Book Review: Gardener’s Yoga by Veronica D’Orazio

Posted in Around the Garden, From the Library, Shop/Book Reviews on May 5 2016, by Esther Jackson

Esther Jackson is the Public Services Librarian at NYBG’s LuEsther T. Mertz Library where she manages Reference and Circulation services and oversees the Plant Information Office. She spends much of her time assisting researchers, providing instruction related to library resources, and collaborating with NYBG staff on various projects related to Garden initiatives and events.


Gardener’s Yoga by Veronica D’Orazio Frida Celements
Gardener’s Yoga: 40 Yoga Poses to Help Your Garden Flow by Veronica D’Orazio. Illustrated by Frida Clements. Sasquatch Books, 2015. 128 pages, color illustrations. Softcover. $16.95. ISBN: 9781570619892

Gardener’s Yoga: 40 Yoga Poses to Help Your Garden Flow immediately caught my eye when I saw it featured as a new book at the University of Washington Botanic Gardens Elisabeth C. Miller Library. Written by Veronica D’Orazio and illustrated by Frida Clements, this 2015 edition includes new artwork and more poses than the 2005 publication by the same name from D’Orazio.

Gardening is often praised for the health benefits it provides. Those who garden or have gardened regularly can attest to the physical challenges and demands of the hobby or profession, and the full-body workout that gardening can often provide. Gardener’s Yoga positions itself as a resource that will allow readers to ease the aches and pains associated with gardening, and strengthen muscle groups often used in common garden chores. Additionally, the yoga poses that have been selected are intended to be easy on the hands and knees, as these areas of the body often withstand repetitious movement when gardening.

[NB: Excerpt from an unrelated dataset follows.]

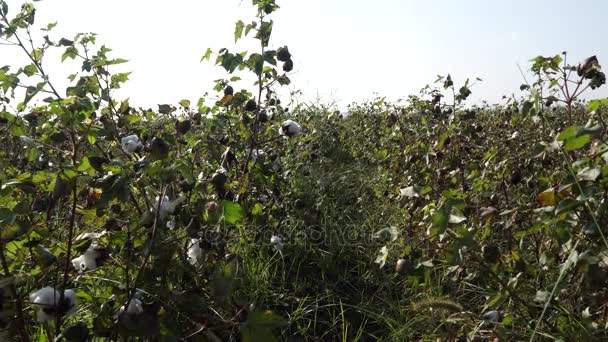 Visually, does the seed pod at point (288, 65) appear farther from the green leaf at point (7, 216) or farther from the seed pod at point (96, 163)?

The book is broken up by season and presents different yoga flows designed to accommodate the environmental and emotional challenges and opportunities that gardener yogis face throughout the different months. Each sequence includes 10 poses (also known as asanas) that can be repeated in sequence as many times as desired. All asanas are illustrated for readers and beautifully complemented with simple botanical illustrations reflecting the flora of the season (which is about as “botanical” as this book gets). At the end of the book, each flow is presented in a simple two-page “flow chart” that illustrates all of the poses for the season in the order that they should be performed.

This book is meant to be used by the “average-level yoga practitioner.” All of the poses included in Gardener’s Yoga are beginner-friendly, but new yogis would do well to gain some classroom experience before embarking on an unassisted and unsupervised yoga practice. D’Orazio offers explicit instructions about how to transition between poses, but certain asanas benefit from an instructor’s guidance—especially those that may place undue stress on areas such as the knees or back when attempted incorrectly. Goddess pose, or Utkata Konasana, featured in the Winter flow, is an example of such a pose.

Gardener’s Yoga will appeal to new and existing gardener yogis, as well as to yoga teachers who are looking for inspiration in crafting seasonal flows.